## Work to be completed
Write the listing below out again in full, dropping its pictures.

## Stored data
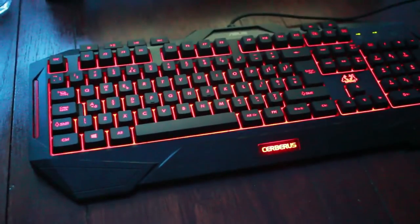Hello and welcome to Azarucotech. Today I'm talking about the Asus Cerberus keyboard, which is a new keyboard I got for Christmas and it's absolutely amazing compared to the old one I got. I'm going to show you the difference between the two.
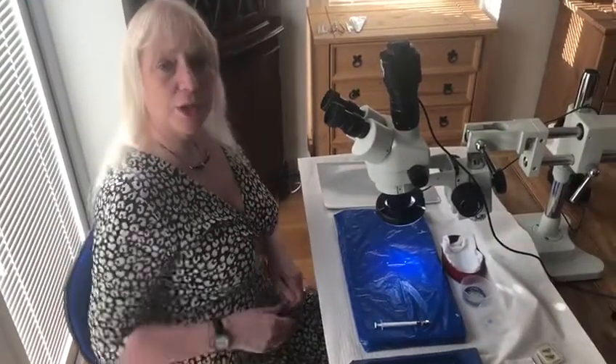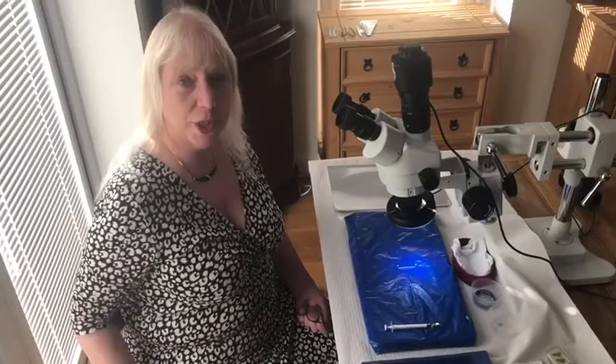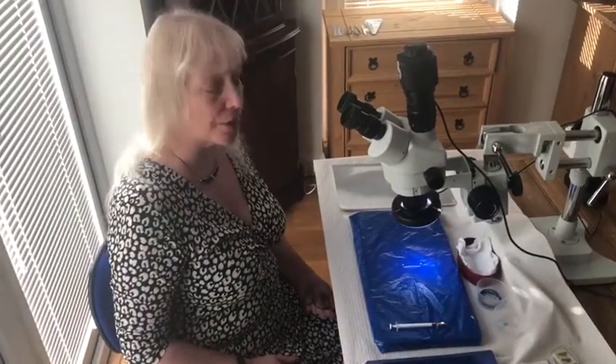First, you need a chair that you can adjust if possible — just a simple office chair will do — to make sure that you're at a comfortable height for your microscope.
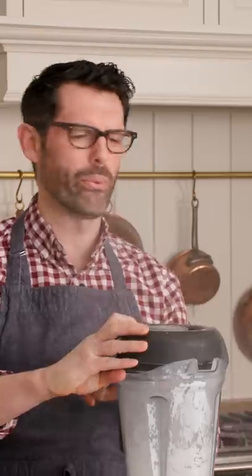Blend it up — whiz, whiz, whiz. Don't open it up right away. Don't do that. Let it sit for a few minutes so the cloud dies down, and then you can use it.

## Response to this task
Hello and welcome to Azarucotech. Today I'm talking about the Asus Cerberus keyboard, which is a new keyboard I got for Christmas and it's absolutely amazing compared to the old one I got. I'm going to show you the difference between the two.
First, you need a chair that you can adjust if possible — just a simple office chair will do — to make sure that you're at a comfortable height for your microscope.
Blend it up — whiz, whiz, whiz. Don't open it up right away. Don't do that. Let it sit for a few minutes so the cloud dies down, and then you can use it.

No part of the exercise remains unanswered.